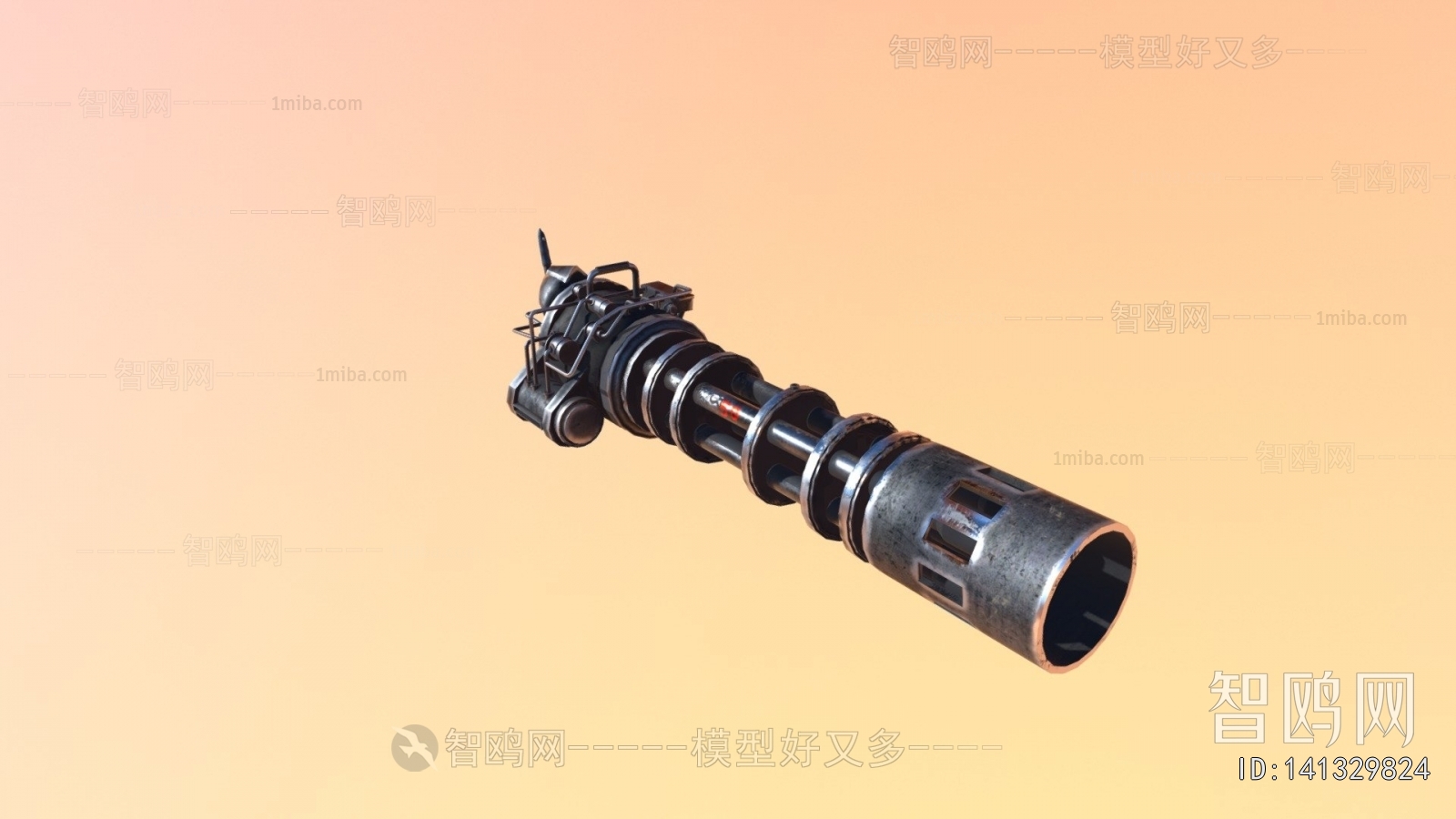 Modern Military Equipment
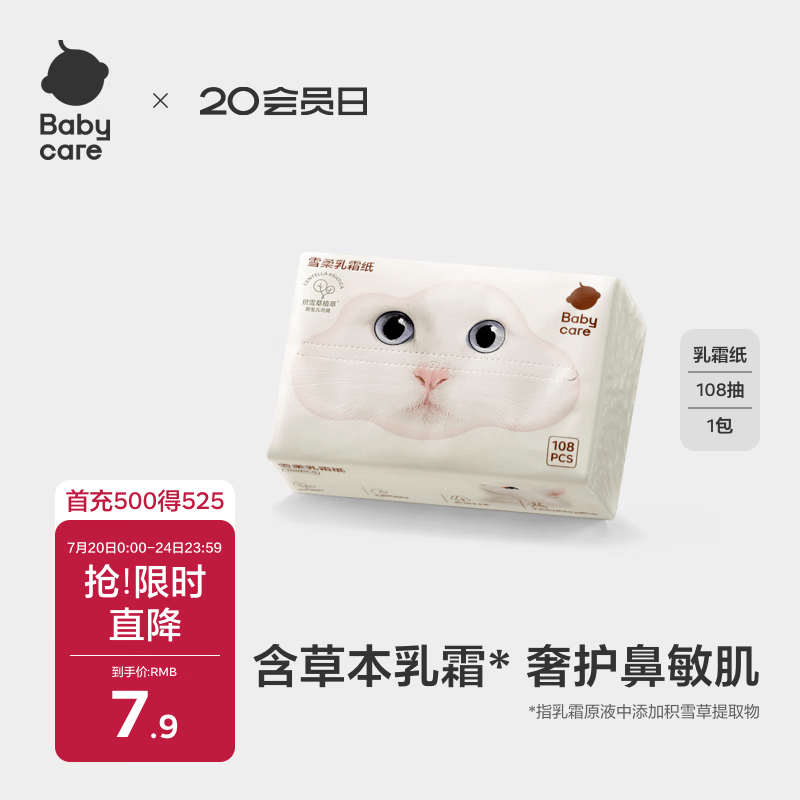 babycare婴儿可用柔软面巾云柔巾雪柔纸巾4层加厚保湿抽纸乳霜纸108抽*1包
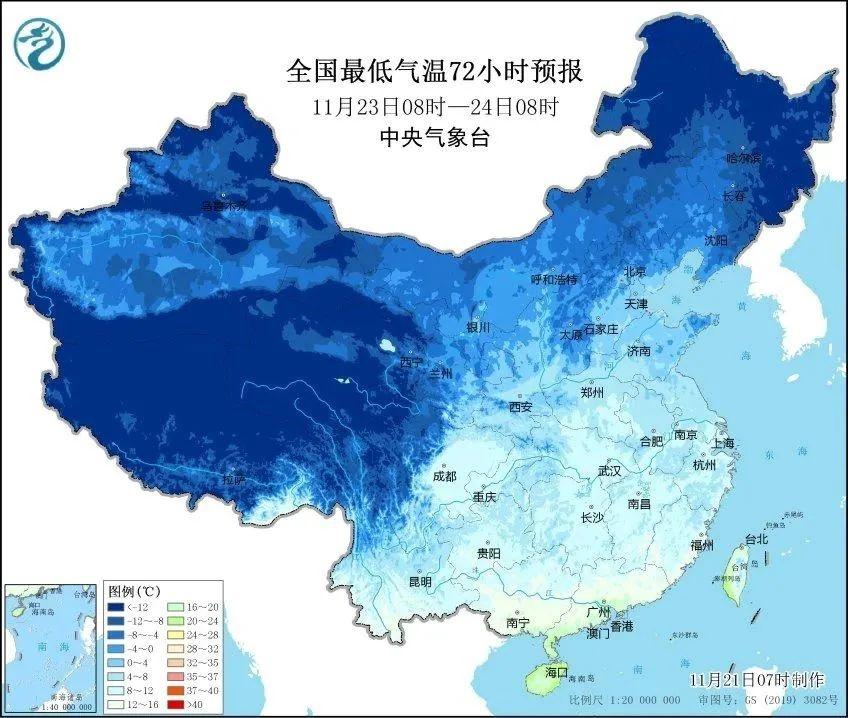 11 月 23 日—27 日，我国大部地区将迎今年入冬以来最强寒潮  第3张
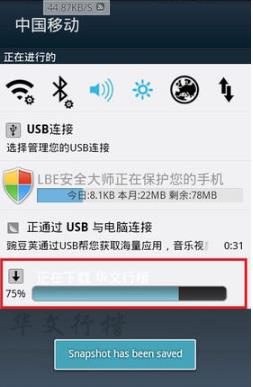 爱字体app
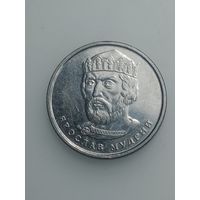 Украина 2 гривны 2021 года .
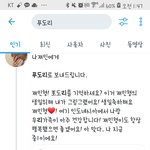 [NCT] 푸<b>도리</b> 메세지 보세용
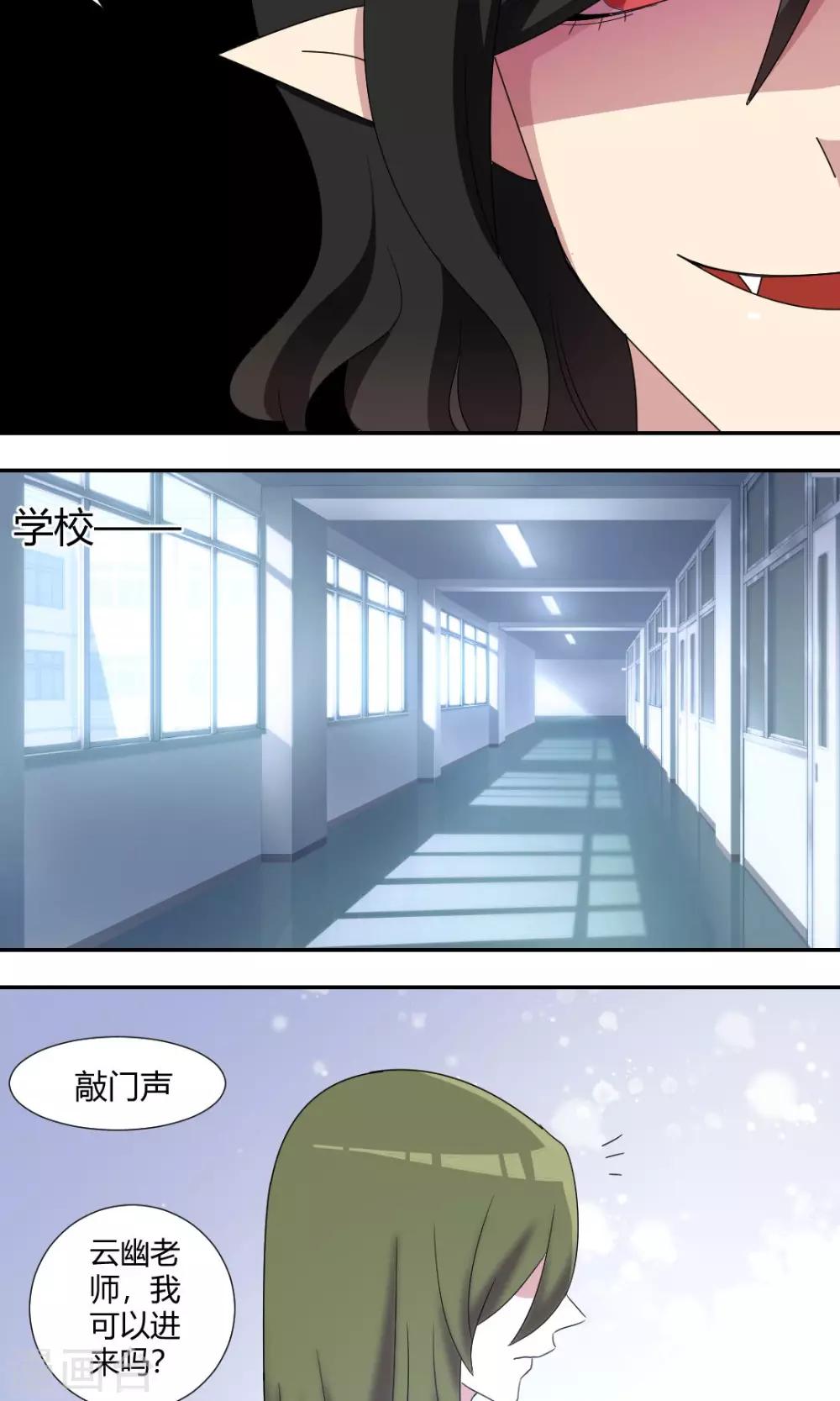 第61话 我血超难喝的-第66话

Assignment: Leaving the pictures out, transcribe the entries above exactly as written.

Task response:
 Modern Military Equipment
 babycare婴儿可用柔软面巾云柔巾雪柔纸巾4层加厚保湿抽纸乳霜纸108抽*1包
 11 月 23 日—27 日，我国大部地区将迎今年入冬以来最强寒潮  第3张
 爱字体app
 Украина 2 гривны 2021 года .
 [NCT] 푸<b>도리</b> 메세지 보세용
 第61话 我血超难喝的-第66话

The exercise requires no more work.